Exercise details: Quote exactly the lines running from the line with "東專實彈射擊體驗 深化全民國防教育圖片" to the end of the entries, including both, and nothing else.
- - - -
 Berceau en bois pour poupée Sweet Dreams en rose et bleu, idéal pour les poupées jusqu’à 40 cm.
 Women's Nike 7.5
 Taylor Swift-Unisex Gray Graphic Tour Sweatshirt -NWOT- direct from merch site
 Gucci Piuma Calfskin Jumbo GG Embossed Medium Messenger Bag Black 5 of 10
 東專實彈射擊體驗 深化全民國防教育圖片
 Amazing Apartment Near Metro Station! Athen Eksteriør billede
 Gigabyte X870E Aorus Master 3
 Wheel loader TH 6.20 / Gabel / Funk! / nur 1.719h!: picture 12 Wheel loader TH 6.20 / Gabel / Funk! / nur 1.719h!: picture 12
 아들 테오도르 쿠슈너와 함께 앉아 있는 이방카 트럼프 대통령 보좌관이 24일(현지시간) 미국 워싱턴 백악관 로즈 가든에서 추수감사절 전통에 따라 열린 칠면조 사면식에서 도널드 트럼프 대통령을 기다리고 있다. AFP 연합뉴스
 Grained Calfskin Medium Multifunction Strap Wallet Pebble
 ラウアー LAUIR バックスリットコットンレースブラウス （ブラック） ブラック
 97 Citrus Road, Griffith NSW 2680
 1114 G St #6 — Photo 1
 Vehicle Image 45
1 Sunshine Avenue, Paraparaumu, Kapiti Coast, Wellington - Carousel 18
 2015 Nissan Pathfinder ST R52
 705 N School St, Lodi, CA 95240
- - - -
Exercise response:
 東專實彈射擊體驗 深化全民國防教育圖片
 Amazing Apartment Near Metro Station! Athen Eksteriør billede
 Gigabyte X870E Aorus Master 3
 Wheel loader TH 6.20 / Gabel / Funk! / nur 1.719h!: picture 12 Wheel loader TH 6.20 / Gabel / Funk! / nur 1.719h!: picture 12
 아들 테오도르 쿠슈너와 함께 앉아 있는 이방카 트럼프 대통령 보좌관이 24일(현지시간) 미국 워싱턴 백악관 로즈 가든에서 추수감사절 전통에 따라 열린 칠면조 사면식에서 도널드 트럼프 대통령을 기다리고 있다. AFP 연합뉴스
 Grained Calfskin Medium Multifunction Strap Wallet Pebble
 ラウアー LAUIR バックスリットコットンレースブラウス （ブラック） ブラック
 97 Citrus Road, Griffith NSW 2680
 1114 G St #6 — Photo 1
 Vehicle Image 45
1 Sunshine Avenue, Paraparaumu, Kapiti Coast, Wellington - Carousel 18
 2015 Nissan Pathfinder ST R52
 705 N School St, Lodi, CA 95240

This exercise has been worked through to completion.